| What to do |
Using the entries below, copy exactly each line from the line with "Khai mạc giải" up to and including the line with "Blonde slut Emma Shay in hot vid comp", with every picture left out.

| Records shown |
◆ ◆ ◆ ◆ ◆

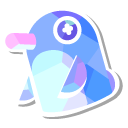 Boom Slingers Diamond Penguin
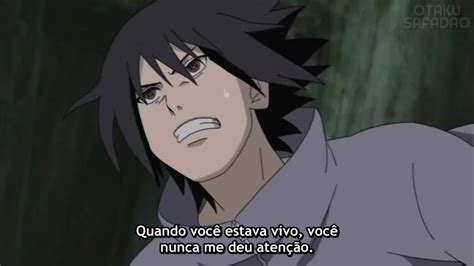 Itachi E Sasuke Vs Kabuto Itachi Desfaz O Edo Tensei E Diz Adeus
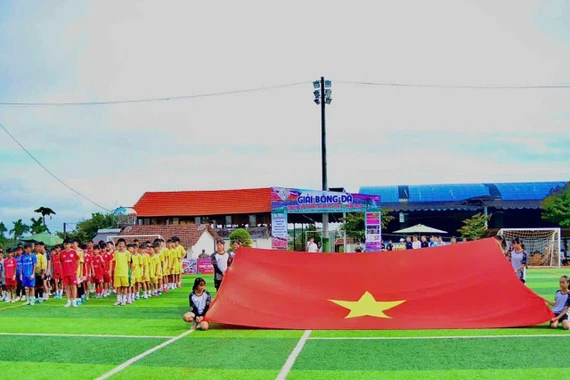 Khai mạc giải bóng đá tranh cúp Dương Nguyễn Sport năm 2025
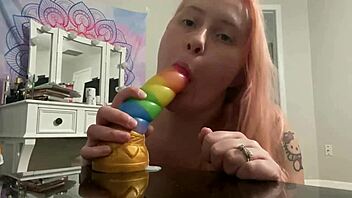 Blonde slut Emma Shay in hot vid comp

◆ ◆ ◆ ◆ ◆

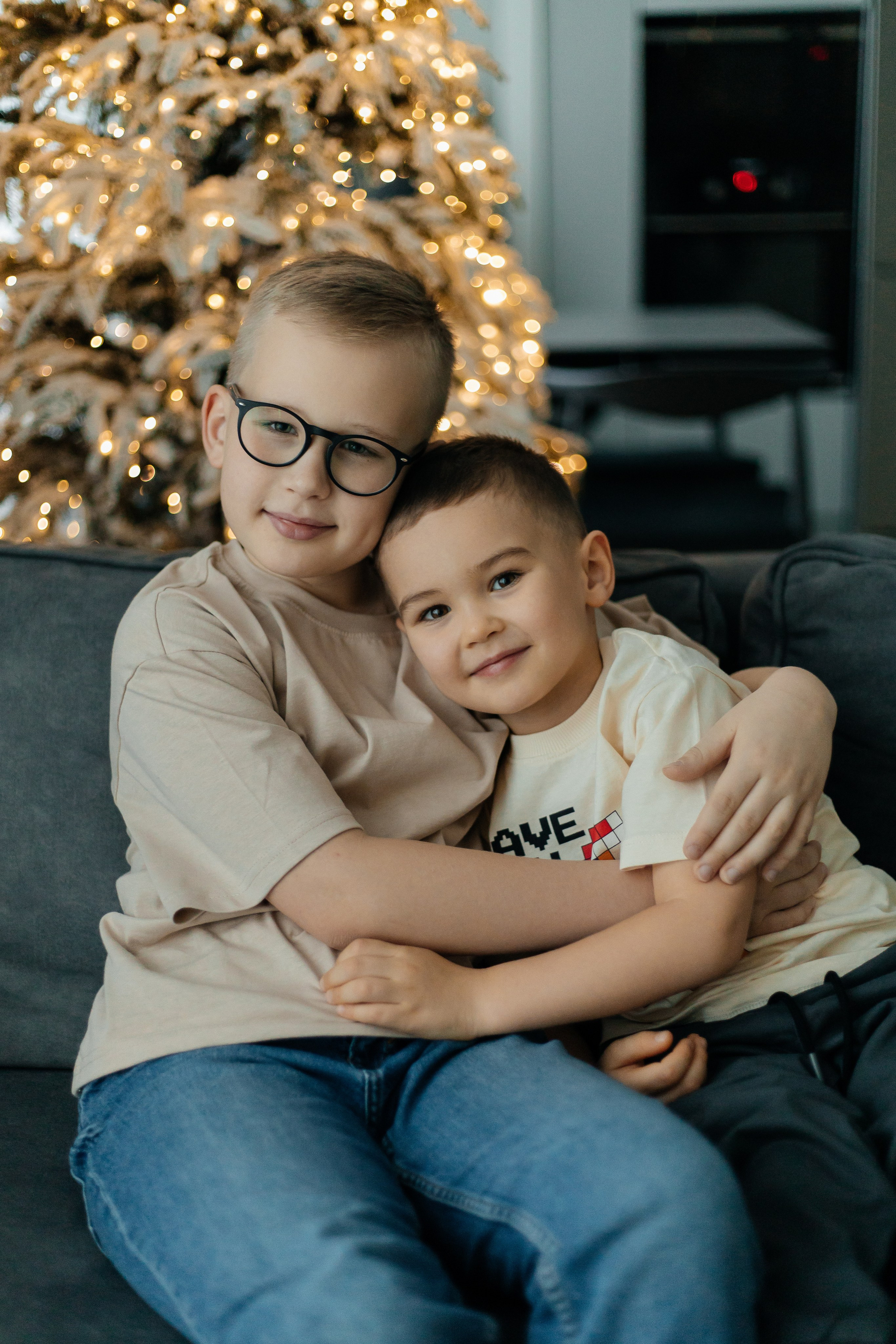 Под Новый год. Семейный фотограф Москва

◆ ◆ ◆ ◆ ◆

| Final answer |
 Khai mạc giải bóng đá tranh cúp Dương Nguyễn Sport năm 2025
 Blonde slut Emma Shay in hot vid comp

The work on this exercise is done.